Une entreprise du pays A peut se mettre à produire P2 sans mettre l'entièreté du pays B dans les ennuis, vu qu'il s'agira d'une seule entreprise. Qui plus est, les propriétaires de cette entreprise trouveraient meilleur emploi pour leur argent en produisant P1, dont les gains sont plus importants.

11/9/06 14:18  
Blogger Constantin a écrit...

Vous passez sans cesse du domaine macroéconomique au domaine microéconomique, cela rend le raisonnement un peu confus. Rajouter en plus un raisonnement plaçant nécessairement la production du produit A dans une situation de "barrières à l'entrée" nous met d'emblée dans un cas plus exceptionnel. En principe, les barrières à l'entrée que vous décrivez sont surtout le fait de secteurs où les investissements à consentir sont énormes, du style construction d'avions ou création d'un réseau de technologie mobile.

Il ne faut pas non plus perdre de vue que le raisonnement de Ricardo est mené dans un "univers simplifié". Je ne connais pas beaucoup de pays où les entreprises ne fabriquent que deux produits.

S'agissant d'une simplification, il est dès lors clair que vous pourrez soulever toutes sortes d'objections rien qu'en complexifiant la situation.

Que le raisonnement soit présenté de façon simplifiée par Ricardo (ou par moi) à fins pédagogiques ne remet par contre pas en cause sa validité.
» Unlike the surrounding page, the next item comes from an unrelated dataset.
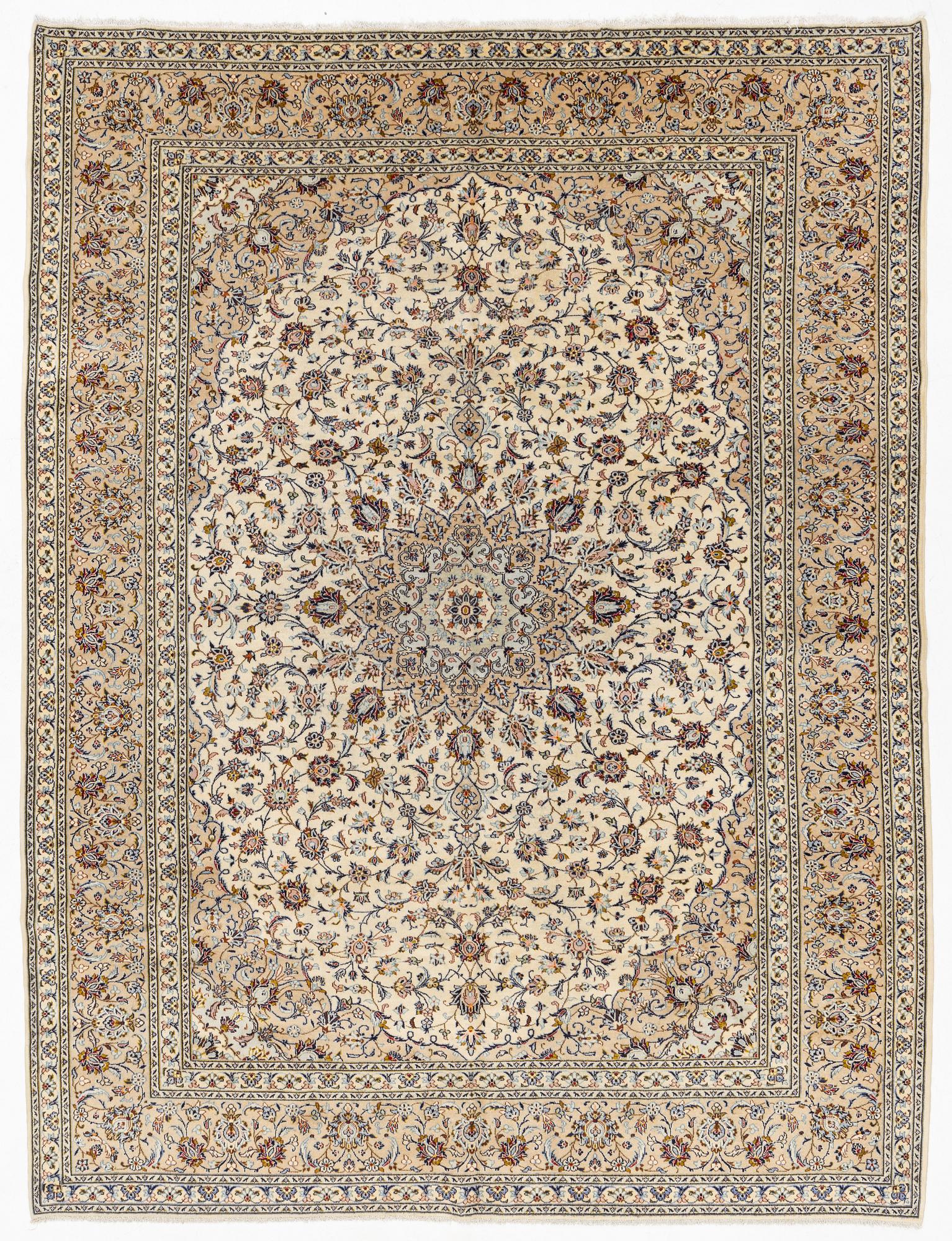 Matta, Keshan, ca 395 x 300cm.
Les faits ont toujours confirmé les théories de Ricardo (encore une fois, sauf circonstances exceptionnelles), qui ont d'ailleurs été échafaudées parce que la théorie des avantages absolus ne parvenait pas à expliquer pourquoi les relations commerciales entre différents pays tendent à foisonner dès que les barrières douanières sont levées.